Et ainsi, Shere Khan transmit à Mowgli sa haine pour les hommes. Bien sûr, le tigre savait bien ce qu'était Mowgli : un petit d'homme sans griffes et sans poils, et qui deviendrait bientôt un prédateur sanguinaire, tenant entre ses pattes la fleur rouge. Et c'était exactement pour cela que Shere Khan l'avait recueilli. Grâce à ce petit d'homme qui croyait être un tigre, sa vengeance sur les hommes allait pouvoir être fantastique, phénoménale, un réel spectacle dont il pourrait se délecter en toute quiétude.
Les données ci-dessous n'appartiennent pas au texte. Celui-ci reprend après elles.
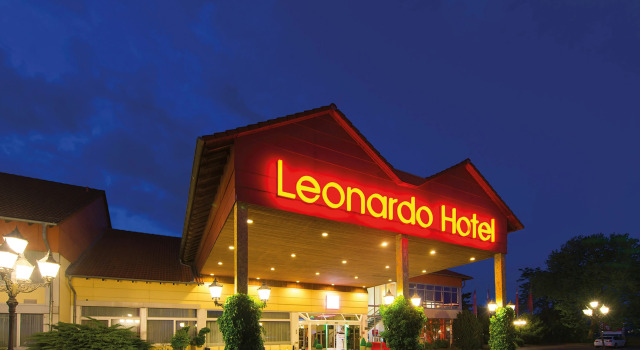 Leonardo Hotel Heidelberg Walldorf, Réserver Hôtel Walldorf Bade-Wurtemberg
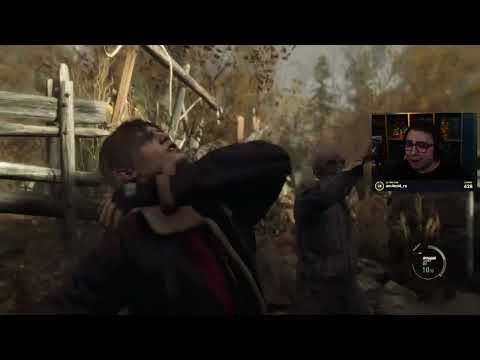 ALANZOKA ESPANHOL KKKKKK #alanzoka #alanzokaclips #residentevil4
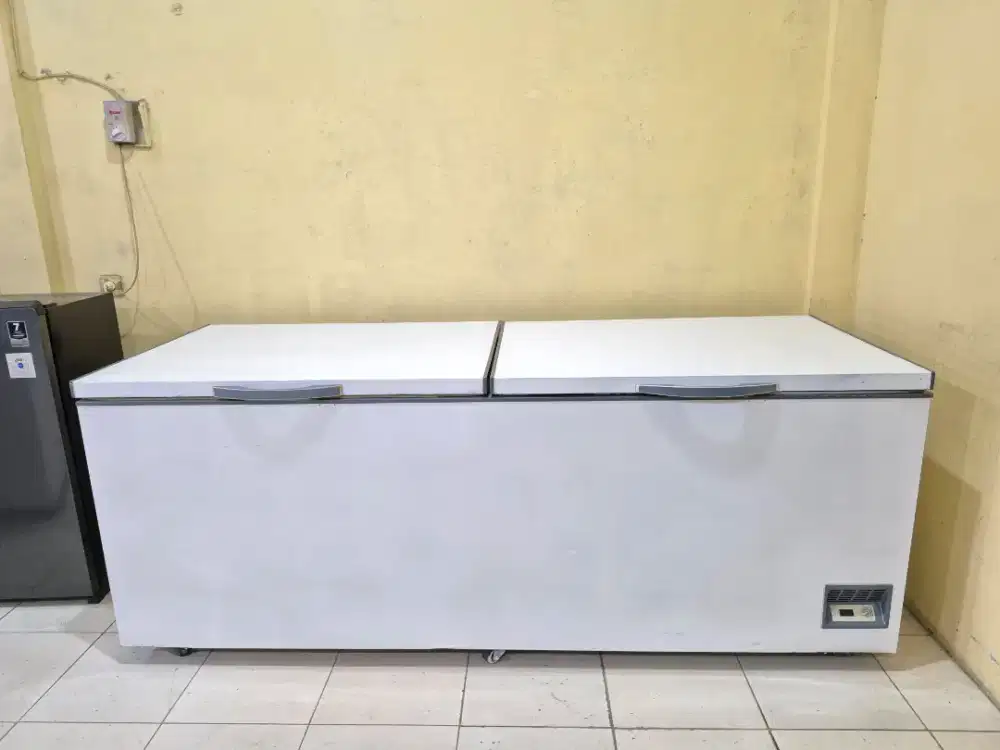 FREEZER GEA 1200L ORI MULUS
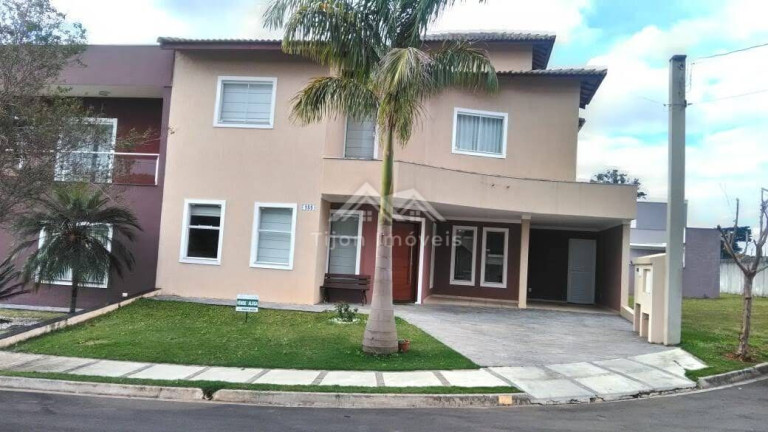 Casa de Condomínio com 3 Quartos à Venda, 300 m² em Centro - Araçoiaba Da Serra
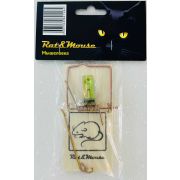 Мышеловка деревянная «Rat&Mouse» (150 шт) ДЭ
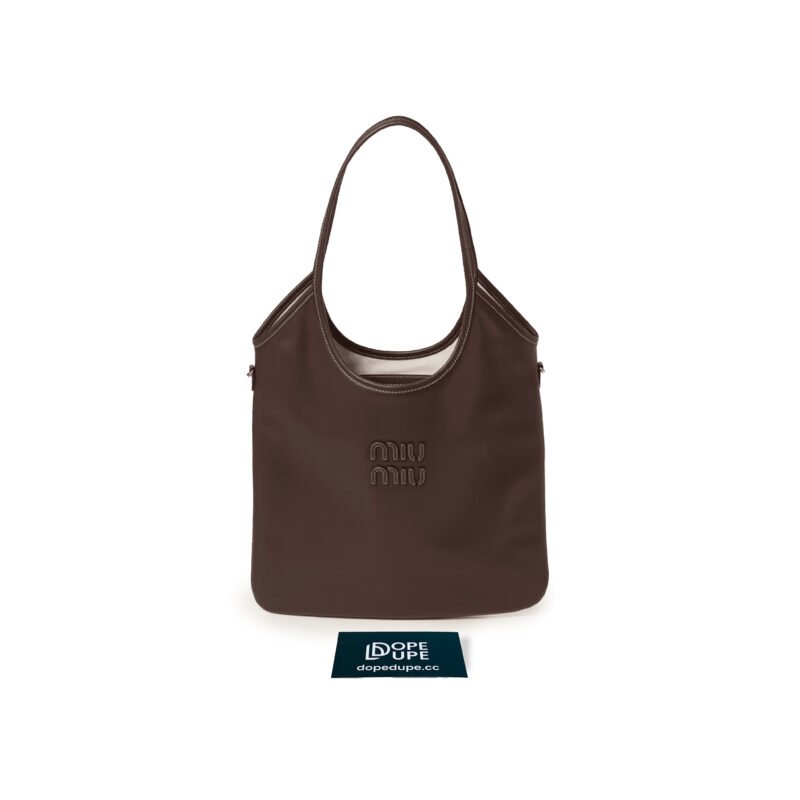 Ivy Leather Bag - Briarwood (1)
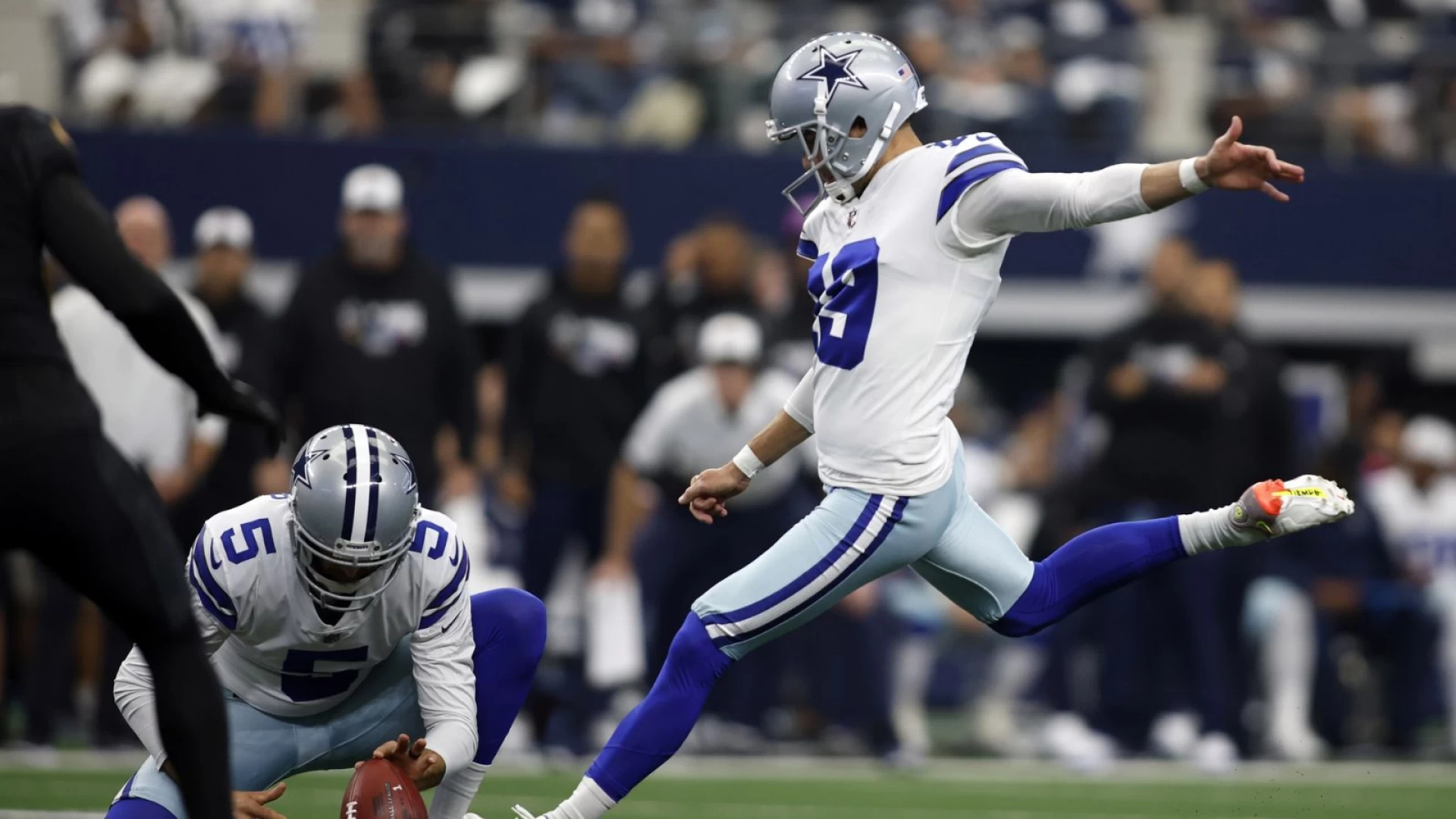 Cowboys Add Kicking Insurance After Brett Maher Disaster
            Mowgli essayait de rugir comme un vrai tigre. Ses petits cris étaient ridicules, cela faisait sourire Shere Khan. La foi de ce petit d'homme était inébranlable, il pouvait lui reconnaître cela. Chasser s'avérait plus compliqué. Lorsque l'on est dépourvu de griffes, il n'est pas aussi aisé d'agripper l'arrière-train d'un cerf ou d'une antilope. Cela n'était pas venu à l'esprit du tigre, habitué à tuer sans trop d'efforts. Mais le petit n'était pas facilement découragé, c'en était épatant. Pour lui, traquer, fureter, tout cela était un jeu. Un jeu qu'il appréciait beaucoup en compagnie de son Papa Tigre. Ce qu'il préférait dans la journée, c'était quand, après une chasse exténuante à ramper et se cacher, ils se reposaient tous deux à l'ombre d'un arbre. C'était l'un des rares moments où Mowgli avait le droit d'aller contre le flan chaud et doux de son Papa. Alors le petit d'homme fermait les yeux et s'imaginait comme dans un de ces cotons blancs que l'on peut apercevoir dans le ciel.

            Mowgli grandissait et il était maintenant assez âgé pour que Shere Khan le laisse vadrouiller dans la vaste jungle. Le tigre avait confiance en lui. Ou plutôt, il savait que le petit d'homme avait assez confiance en lui pour ne pas s'éloigner de trop. Il finissait toujours par revenir. Il était vraiment dégourdi, Shere Khan s'en étonnait encore quelques fois. Lui qui pensait tous les hommes stupides et violents, il avait trouvé en Mowgli un être habile et doux. Bien sûr, sa jeunesse le rendait aussi fougueux et, quelques fois, candide mais Shere Khan veillait à répondre à toutes les questions qu'il pouvait se poser, aussi naïves soient-elles. Il ne faudrait pas qu'il devienne aussi bête que ces vautours, ou aussi paresseux que ce vieil ours Baloo. Peut-être commençait-il à apprécier Mowgli ? A s'attacher à lui ? Non. Le petit d'homme était le petit d'homme qu'il était car Shere Khan l'avait élevé comme cela ; comme un tigre. Il avait besoin de lui. Il avait besoin qu'il soit fort, courageux, méprisant. Sur ce dernier point, il restait encore de quoi faire. Mais Shere Khan avait une longue vie derrière lui. Il était patient. Et en continuant sur cette voie, il ne faudrait pas attendre beaucoup plus pour que, enfin, Mowgli puisse infliger aux hommes du village voisin la douleur que l'un d'eux avait infligé à Shere Khan.